> [What to work on] Only the lines below from the one containing "Peugeot-208-main-1" to the one containing "1985-1994 Nissan Vanette" should be repeated, both included and unchanged.

[Recorded data]
◇ ◇ ◇ ◇
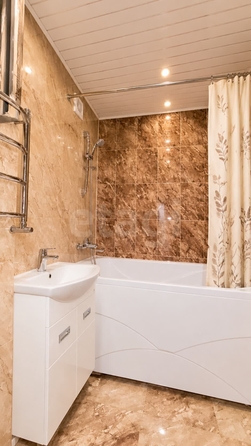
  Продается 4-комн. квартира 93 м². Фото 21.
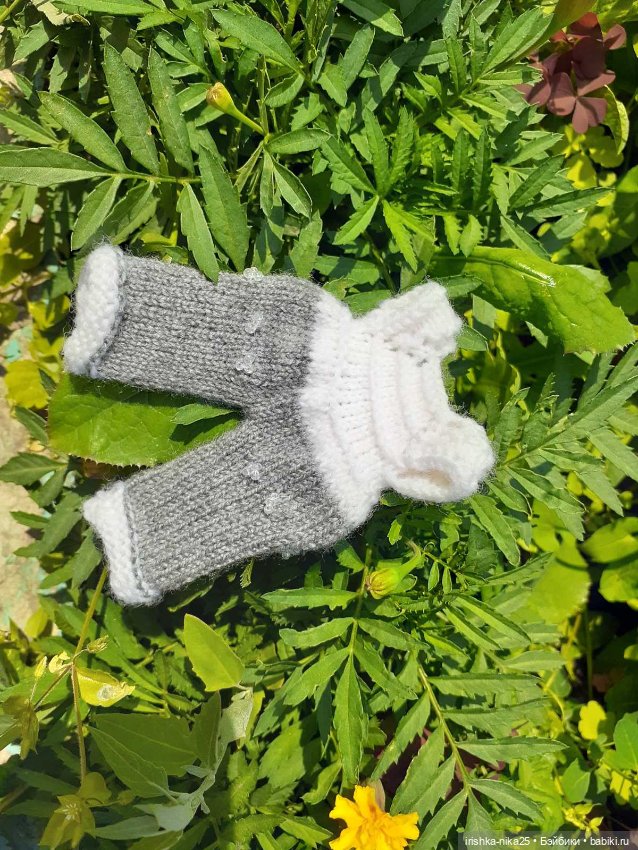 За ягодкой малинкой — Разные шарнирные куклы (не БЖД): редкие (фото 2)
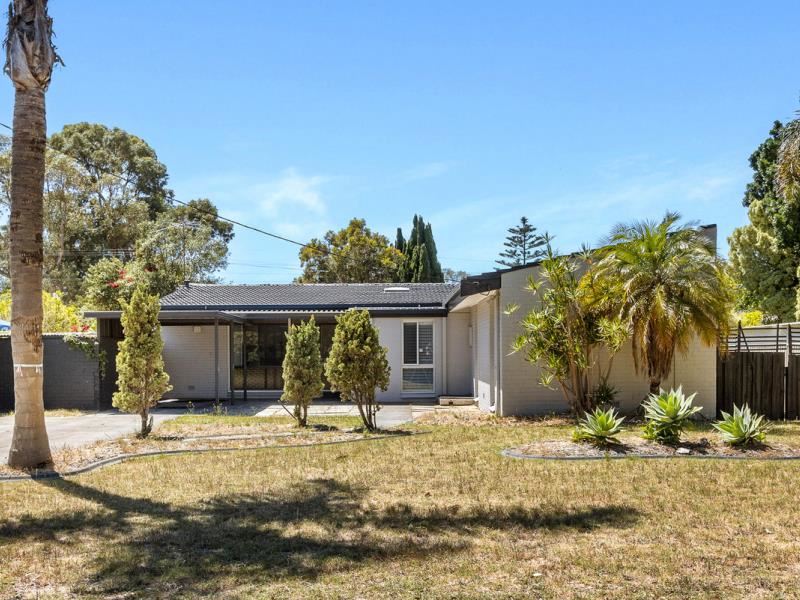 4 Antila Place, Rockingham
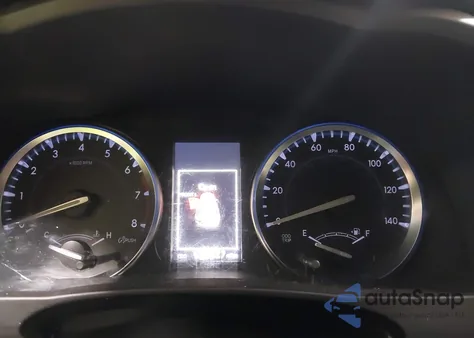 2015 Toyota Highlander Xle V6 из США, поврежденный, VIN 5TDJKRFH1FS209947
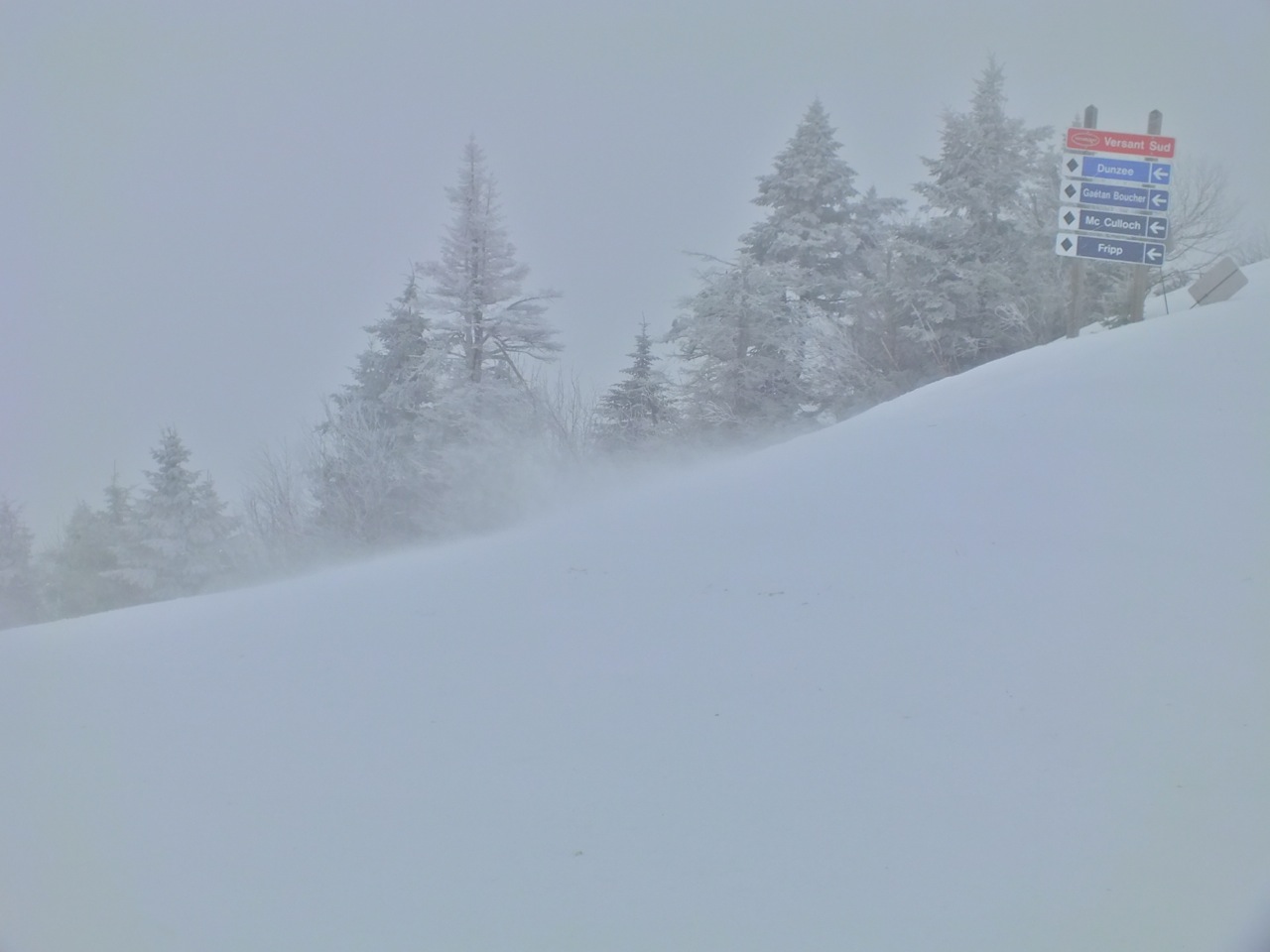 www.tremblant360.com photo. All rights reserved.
◇ ◇ ◇ ◇
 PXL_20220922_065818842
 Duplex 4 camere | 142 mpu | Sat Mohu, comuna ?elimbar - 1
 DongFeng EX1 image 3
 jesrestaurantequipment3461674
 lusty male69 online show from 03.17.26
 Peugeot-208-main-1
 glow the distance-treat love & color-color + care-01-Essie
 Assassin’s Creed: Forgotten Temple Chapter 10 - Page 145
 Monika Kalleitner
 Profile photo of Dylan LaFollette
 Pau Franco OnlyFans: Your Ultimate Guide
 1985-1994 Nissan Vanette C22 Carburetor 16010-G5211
◇ ◇ ◇ ◇
> [Problem solution]
 Peugeot-208-main-1
 glow the distance-treat love & color-color + care-01-Essie
 Assassin’s Creed: Forgotten Temple Chapter 10 - Page 145
 Monika Kalleitner
 Profile photo of Dylan LaFollette
 Pau Franco OnlyFans: Your Ultimate Guide
 1985-1994 Nissan Vanette C22 Carburetor 16010-G5211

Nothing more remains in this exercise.